DATA TO EXAMINE section start

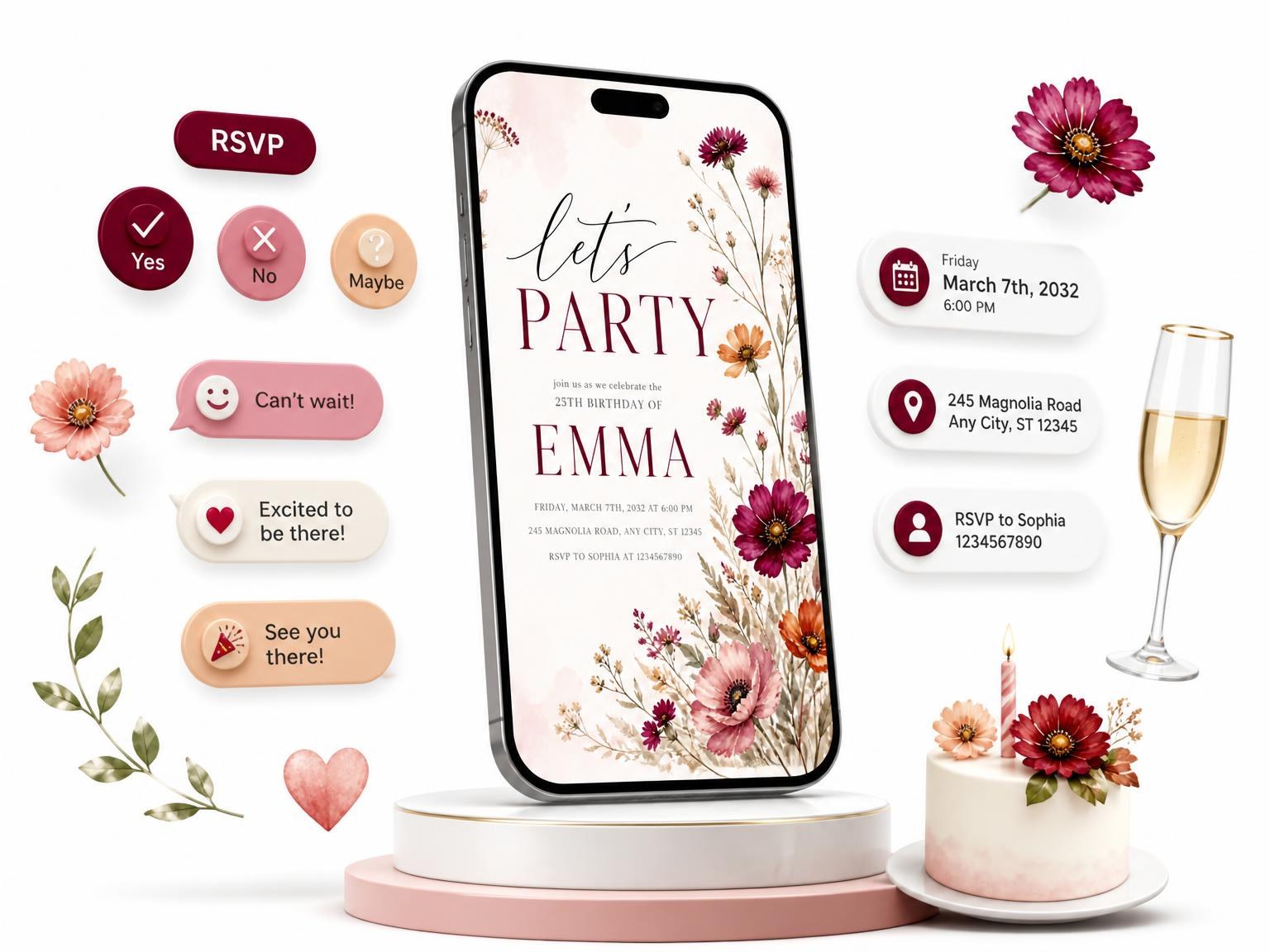 The Botanical Bouquet Autumn 25th Birthday Invitation invitation on a phone, with guest RSVPs arriving around it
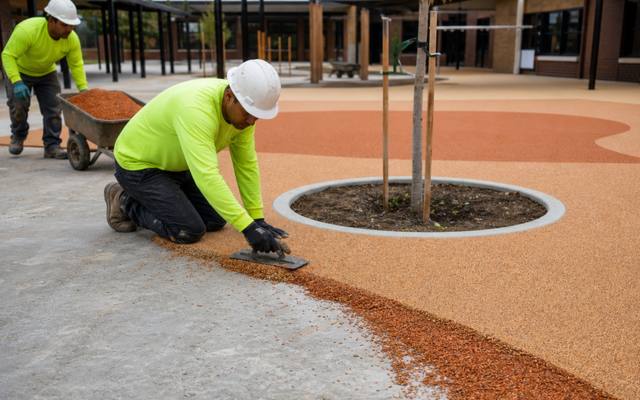 Installer troweling terracotta rubber surfacing around a tree in a school courtyard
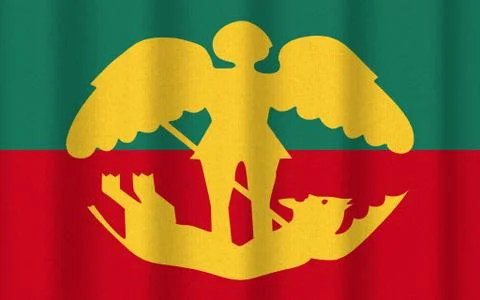 Realistic rippled flag of Brussels Stock Illustration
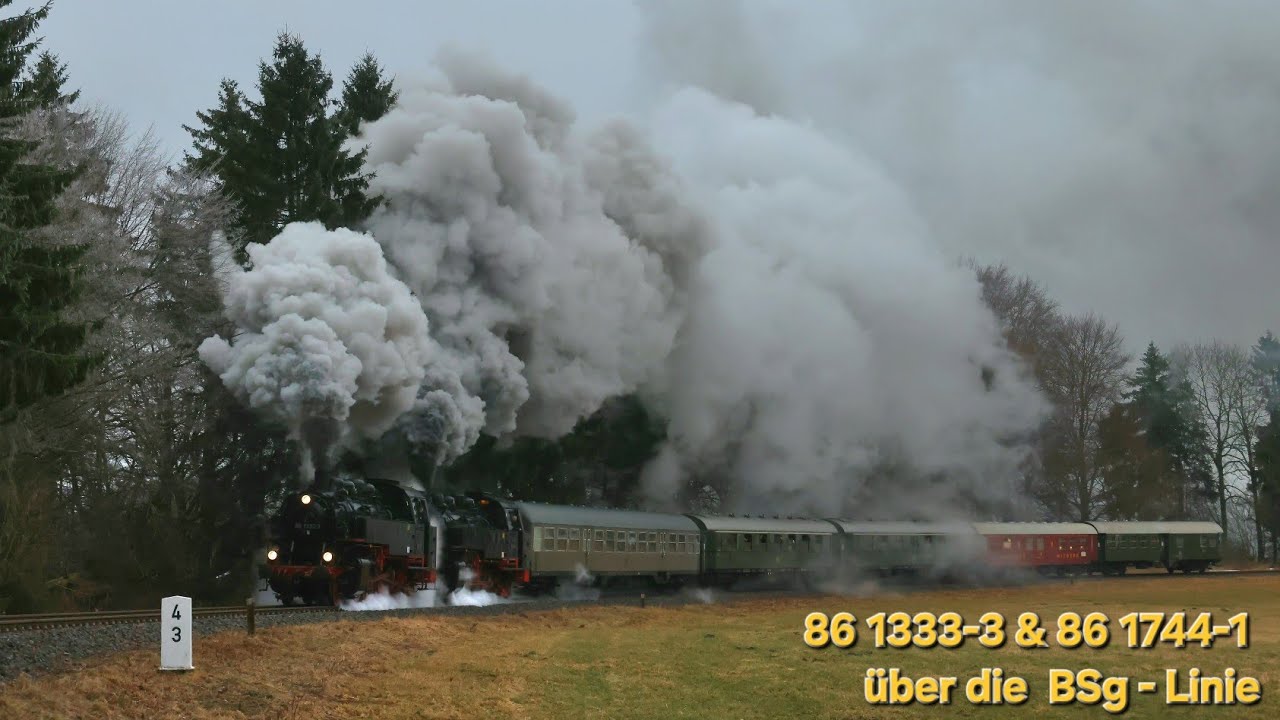 Doppelte Dampflok Power auf der historischen BSg Linie mit 86 1333 & 86 1744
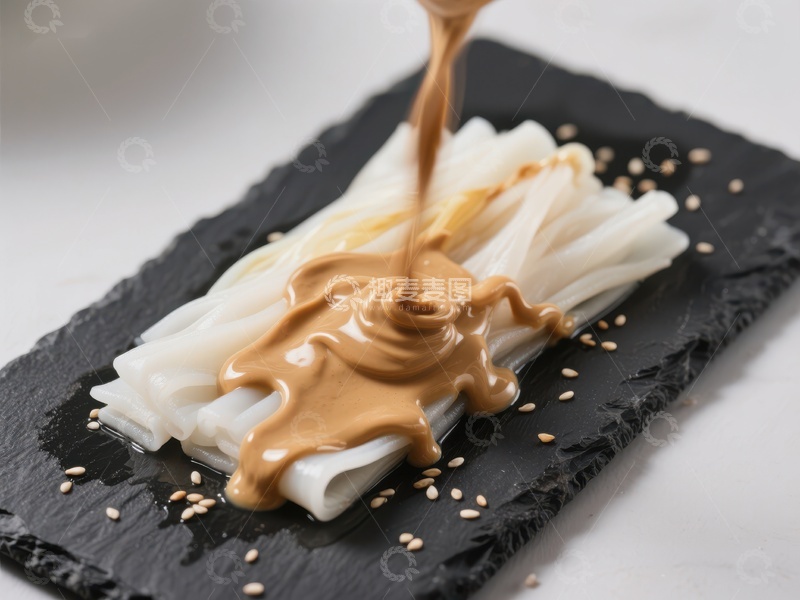 高清大图下载【趣麦麦图】酱汁淋在面条上的美食特写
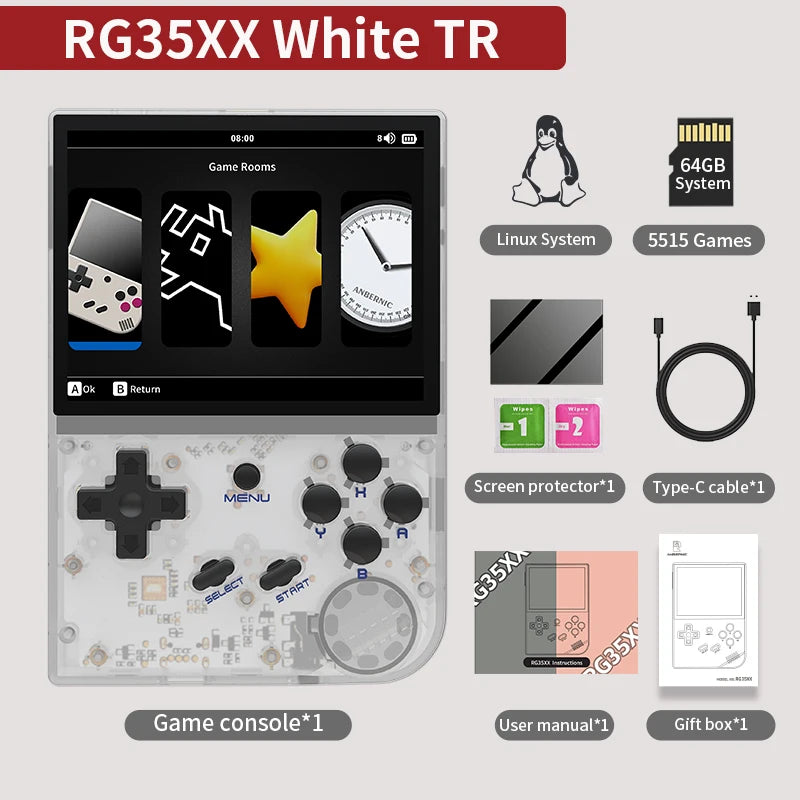 ANBERNIC RG35XX Plus/RG35XX Retro Handheld Game Console 3.5″ IPS Screen Linux Portable Video Game Player Support HD-M-I TV Outpu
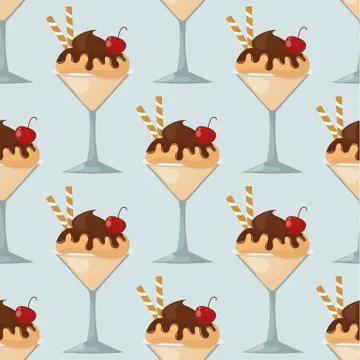 Ice cartoon seamless pattern background colorful cream dessert vector Stock Illustration
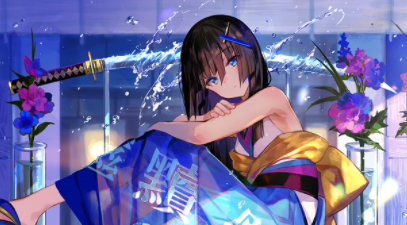 Anime girl blue water Roblox theme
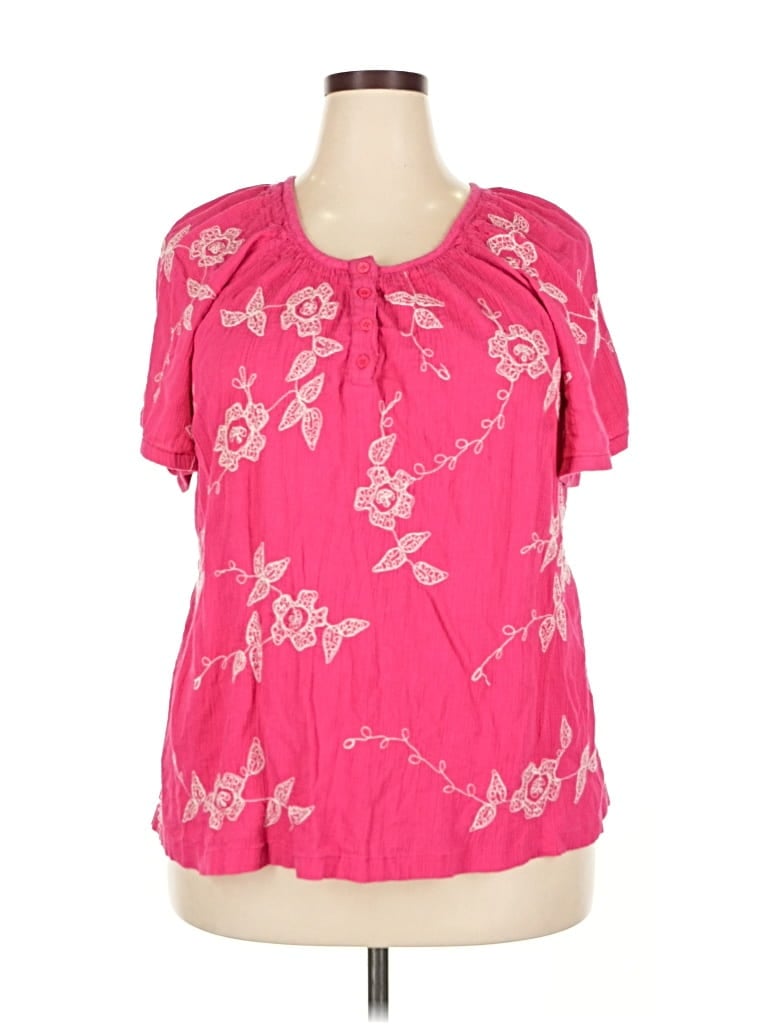 Pre-owned Assorted Brands Short Sleeve Blouse In Pink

DATA TO EXAMINE section end

## INSTRUCTIONS TO FOLLOW
Would you repeat exactly, and only, the lines from the start of the records above through the line containing "高清大图下载【趣麦麦图】酱汁淋在面条上的美食特写", with the pictures omitted?

## ANSWER BOX
 The Botanical Bouquet Autumn 25th Birthday Invitation invitation on a phone, with guest RSVPs arriving around it
 Installer troweling terracotta rubber surfacing around a tree in a school courtyard
 Realistic rippled flag of Brussels Stock Illustration
 Doppelte Dampflok Power auf der historischen BSg Linie mit 86 1333 & 86 1744
 高清大图下载【趣麦麦图】酱汁淋在面条上的美食特写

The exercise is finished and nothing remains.